##### STORED DATA

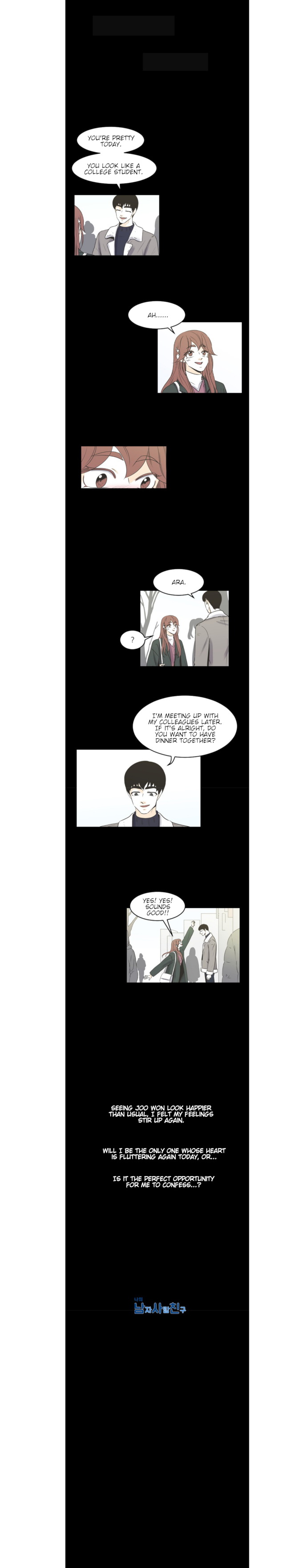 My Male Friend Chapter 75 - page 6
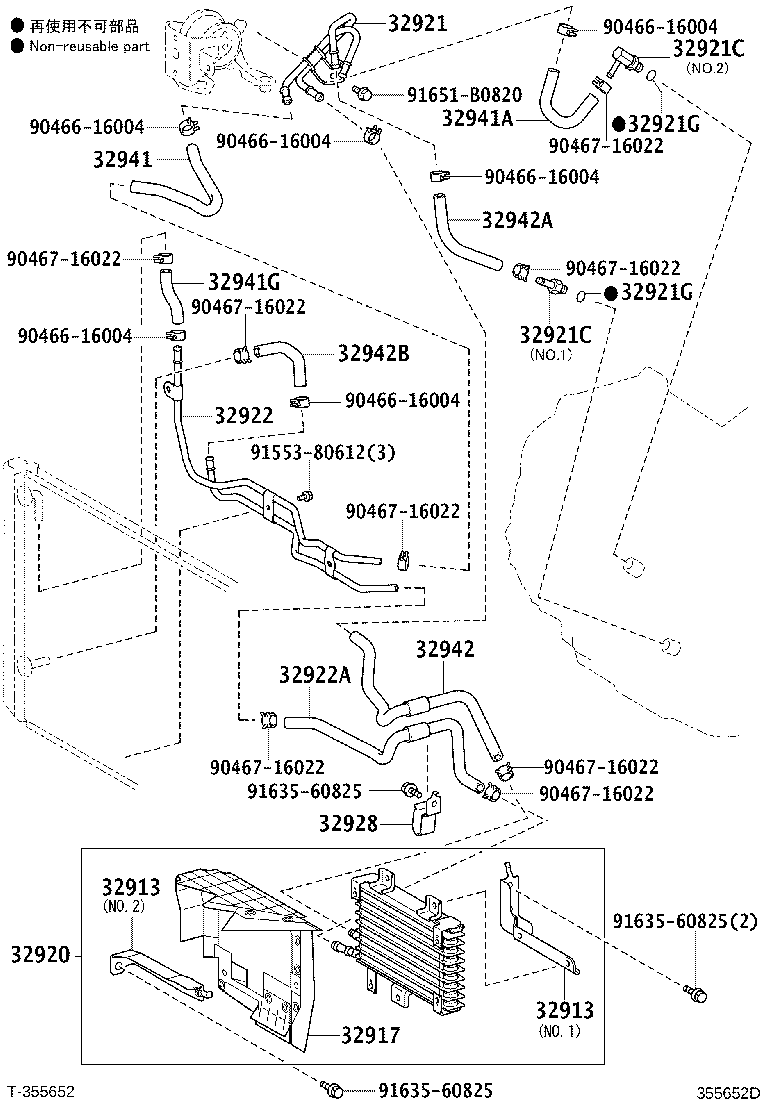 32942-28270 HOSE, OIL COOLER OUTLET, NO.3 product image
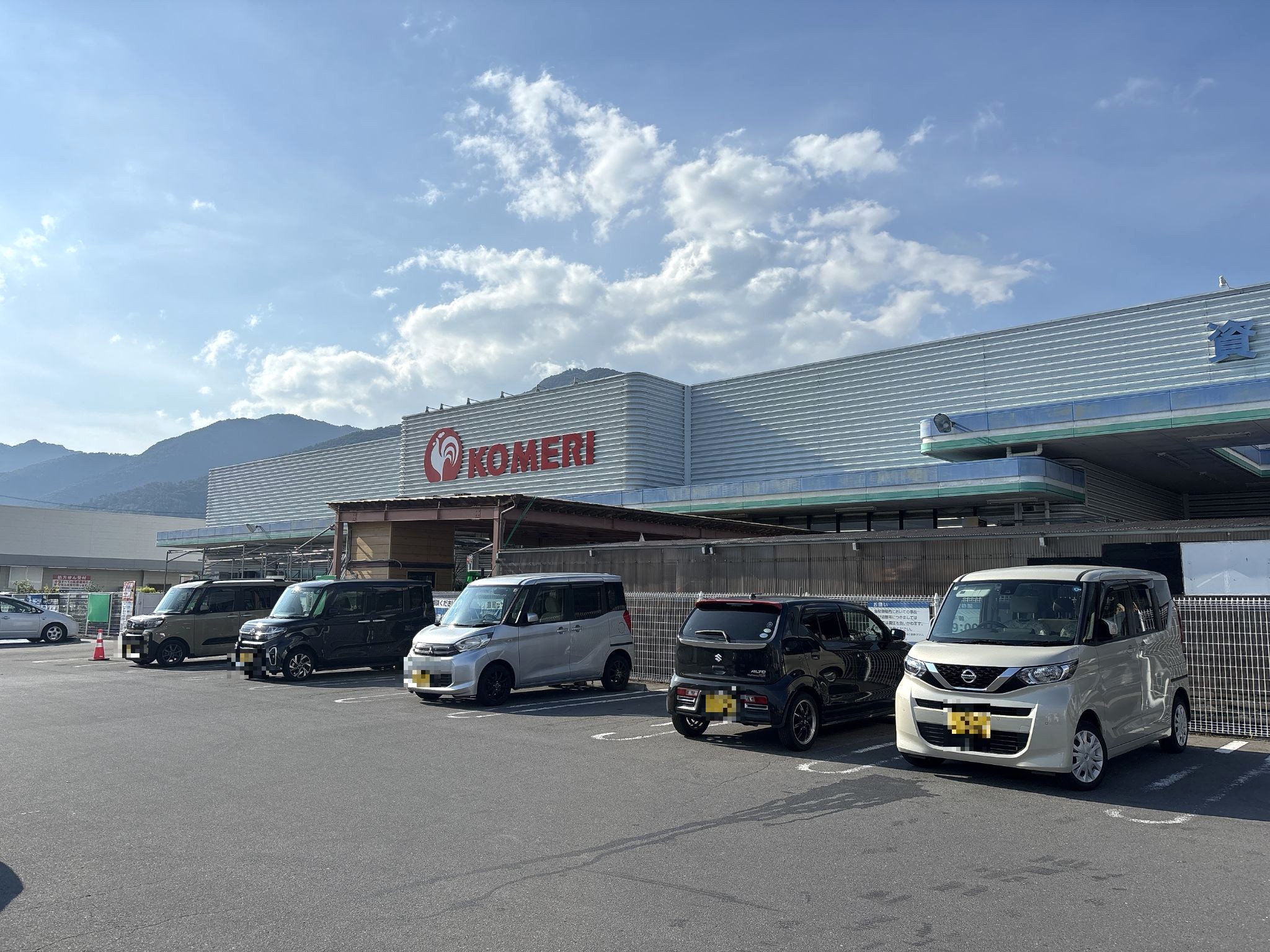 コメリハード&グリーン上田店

##########

■ YOUR INSTRUCTIONS
Begin at the line containing "32942-28270 HOSE, OIL" and stop at the last line of the data. Repeat only those lines, exactly, and leave out the pictures.

■ TASK RESPONSE
 32942-28270 HOSE, OIL COOLER OUTLET, NO.3 product image
 コメリハード&グリーン上田店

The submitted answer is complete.